# DIY Bike Carrier



## Sizzler (Sep 24, 2009)

I was feeling pretty down about my kickback until I figured out how to modify it to carry additional bikes on the dummy! Here's a quick explanation:

Measure and cut new axle shafts from old cromoly handlbars.

Drill holes for pins.

Remove pins from aluminum axle shafts.

Put pins in new chromoly axle shafts.


----------



## Sizzler (Sep 24, 2009)

Insert new chromoly axle shaft in the kickback.

Suddenly realize that you only have two pins and ponder how to improvise a third pin. Conclude that a bolt with suffice. 

Install yakima rack.

Throw second bike on and ride!


----------



## Sizzler (Sep 24, 2009)

Brought my coworkers bike on my morning commute, worked great!


----------



## dogstar (Dec 16, 2005)

Sweet.

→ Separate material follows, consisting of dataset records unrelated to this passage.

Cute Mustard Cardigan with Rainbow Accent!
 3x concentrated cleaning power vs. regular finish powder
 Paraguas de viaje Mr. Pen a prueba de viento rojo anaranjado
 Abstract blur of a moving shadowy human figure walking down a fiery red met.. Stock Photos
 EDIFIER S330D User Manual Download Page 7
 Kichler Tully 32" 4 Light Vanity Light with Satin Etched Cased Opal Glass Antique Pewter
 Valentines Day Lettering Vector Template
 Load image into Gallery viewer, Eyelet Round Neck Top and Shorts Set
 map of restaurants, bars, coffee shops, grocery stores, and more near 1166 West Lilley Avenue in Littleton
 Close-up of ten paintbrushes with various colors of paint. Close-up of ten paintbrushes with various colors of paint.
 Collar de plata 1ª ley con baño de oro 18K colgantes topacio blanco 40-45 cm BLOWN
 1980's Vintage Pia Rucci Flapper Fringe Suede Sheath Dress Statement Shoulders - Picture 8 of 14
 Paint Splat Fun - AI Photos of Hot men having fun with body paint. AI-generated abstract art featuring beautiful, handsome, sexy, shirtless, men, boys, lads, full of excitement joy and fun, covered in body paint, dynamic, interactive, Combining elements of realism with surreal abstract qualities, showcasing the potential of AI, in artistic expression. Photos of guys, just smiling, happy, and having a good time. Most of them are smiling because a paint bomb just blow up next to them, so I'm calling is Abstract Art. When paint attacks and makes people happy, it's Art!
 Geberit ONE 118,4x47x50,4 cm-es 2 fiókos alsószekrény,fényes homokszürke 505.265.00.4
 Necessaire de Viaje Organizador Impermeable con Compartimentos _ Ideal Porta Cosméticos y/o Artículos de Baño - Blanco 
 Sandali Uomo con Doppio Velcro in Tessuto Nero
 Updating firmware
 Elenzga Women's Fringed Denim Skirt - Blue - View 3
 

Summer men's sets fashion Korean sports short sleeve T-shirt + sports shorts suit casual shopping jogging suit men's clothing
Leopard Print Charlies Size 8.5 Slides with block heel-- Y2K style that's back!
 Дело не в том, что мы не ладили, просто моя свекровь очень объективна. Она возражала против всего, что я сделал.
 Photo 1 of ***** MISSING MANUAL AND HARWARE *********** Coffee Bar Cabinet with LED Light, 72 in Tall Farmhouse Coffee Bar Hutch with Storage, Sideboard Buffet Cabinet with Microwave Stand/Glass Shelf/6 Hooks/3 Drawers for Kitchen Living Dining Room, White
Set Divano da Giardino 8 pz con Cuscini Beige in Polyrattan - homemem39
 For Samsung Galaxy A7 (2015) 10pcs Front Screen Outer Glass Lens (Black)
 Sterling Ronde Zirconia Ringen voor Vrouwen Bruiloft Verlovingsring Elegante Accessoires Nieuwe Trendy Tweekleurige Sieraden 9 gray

Nice work. I'll file this one away for future reference


----------



## vaultbrad (Oct 17, 2007)

I love it! I really want a BD some day. How about heal strike on the tire? Does your foot and leg travel on the inside or outside of the wheel when you have a bike mounted in the new rack?


----------



## Sizzler (Sep 24, 2009)

Thanks all! Surprisingly, there is no heal strike. The bike sits out far enough for feet to clear. I also forgot to mention that this setup takes less than a minute to install and remove. 

vaultbrad, I cannot recommend the Big Dummy enough. The ride quality and capabilities of this bike are astounding. Without question, it's the most fun, interesting and useful bike I've ever owned. Get ye a dummy!


----------